Governor Wes Moore has responded with policy measures intended to bridge gaps, including a $19 million energy relief fund and the Next Generation Energy Act, which sets targets for new renewable capacity and battery storage while capping ratepayer impacts. He also enacted the Renewable Energy Certainty Act, lifting zoning restrictions for solar development. However, the scale of these measures doesn't match the urgency of the crisis. The $19 million fund breaks down to less than $75 per household—barely a dent in rising utility bills—while the Next Generation Energy Act focuses on long-term infrastructure without offering immediate protection against rate hikes already forcing working families into disconnection.

Progress under the Clean Energy Jobs Act of 2019, which mandates that 50% of electricity come from Tier I renewables by 2030, has slowed as developers struggle with permitting backlogs and a hostile federal climate policy environment.
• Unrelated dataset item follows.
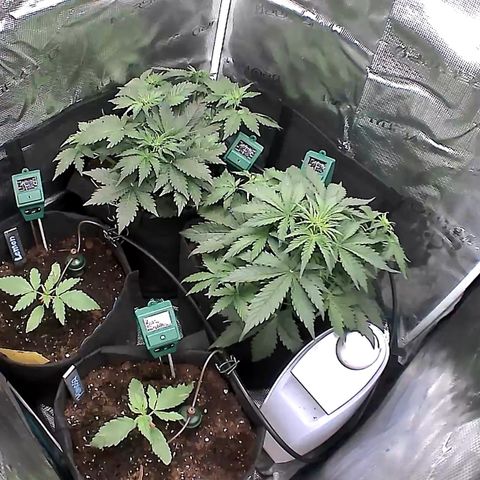 Auto Northern Lights growlog timeline photo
Offshore wind development, anchored by the state's Renewable Portfolio Standard and Offshore Wind Renewable Energy Credits, is now under threat following federal actions that freeze new leases and strip tax incentives. As transportation emissions rise, funding gaps persist, and state investments lag, Maryland's climate agenda risks shifting the burden onto the communities already hardest hit by energy poverty.